Note that your internet connection speed is generally not important for package sync performance: the cluster downloads packages directly from their sources (conda channels, PyPI, etc.); they’re not uploaded from your computer (besides local dependencies).

Local packages and Git dependencies

If you have local packages installed, such as with pip install -e <some-directory>, package sync will try to install them on the cluster.

If you have local Python files in your working directory, those files will also be synced with the cluster. Please note that other local files are not synced.

If you’ve installed a package from Git, such as with pip install git+ssh://git@github.com/dask/distributed.git@d74f5006, the same process will occur. The reason we upload the package from your machine, instead of pulling it from Git on the cluster, is to avoid issues with private Git repos: your local credentials can stay local, instead of needing to get them onto the cluster!

Note

When installing packages from Git, you may need to add the --use-pep517 flag to pip, like:

pip install git+https://github.com/dask/distributed.git --use-pep517

Without this flag, for some packages pip may not record sufficient metadata to tell that the package was installed from Git, versus from a normal pip install distributed.

Warning

Your compiled local packages are currently uploaded to storage controlled by Coiled, then downloaded by your cluster. Only your cluster can access these files, and they are deleted after 24h. While this will change in the future, if having a copy of your source code under Coiled’s control violates your organization’s security policies, we recommend not using package sync with local code currently.

Custom PyPI URLs

If you have a custom PyPI index_url or extra-index-url, you will need to have it configured via pip config set 'global.extra-index-url' <URL> locally. If you usually just pass the --extra-index-url or --index-url argument when you run pip install, no record of where the package came from is stored in the environment, so package sync will fail to install it on the cluster.
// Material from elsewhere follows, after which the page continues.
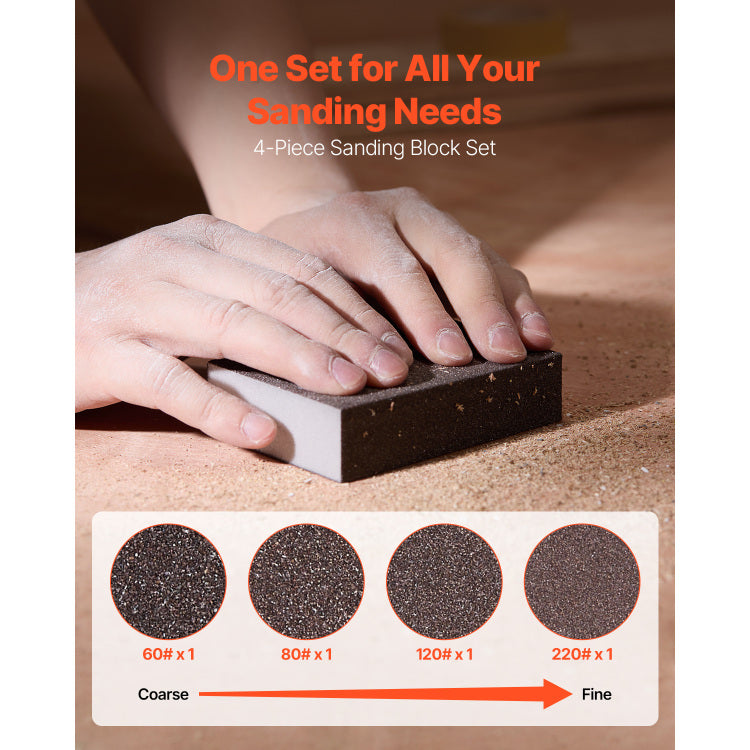 Sanding Sponge 4Pcs 60 80 120 220 Washable And Reusable Sanding Blocks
If you do not want to include the username and password in the URL locally, you can include it in a netrc file.

We do not currently support keyring credential storage.

Ignoring packages

If you have packages installed locally that you don’t want synced to the cluster, you can list them in the package_sync_ignore argument to coiled.Cluster. This is generally not needed, though, because package sync installation on the cluster is so fast that installing extra, unused packages has a negligible effect on cluster startup time.

Note that only these exact packages are ignored—their dependencies may still be installed. Additionally, if another package depends on them, they will still be installed.

Cross-platform fuzzing

When using a macOS or Windows machine to launch clusters (which always run Linux), you may not get exactly the same versions of all packages on the cluster as you have locally. This occurs because packages sometimes require slightly different dependencies on different platforms. If package sync tried to install the exact same versions of everything you have on macOS, for example, onto Linux, some versions might not exist for Linux, or might have incompatible requirements, and installation would fail.

Therefore, package sync uses a looser version match with cross-platform clusters. Specifically, we only match major.minor in the version number, not the exact version (typically major.minor.patch).

When launching a cluster from Linux, though, the exact versions of all packages will be matched. This is the recommended way to run workloads that require the highest degree of reproducibility. See Using Package Sync in Production for details.

Mandatory packages

Package sync will refuse to start a cluster if you don’t have these basic packages for running Dask installed locally:

dask
distributed
tornado
cloudpickle
msgpack

Additionally, package sync ensures that the versions of these packages match exactly with what you have locally, even cross-platform.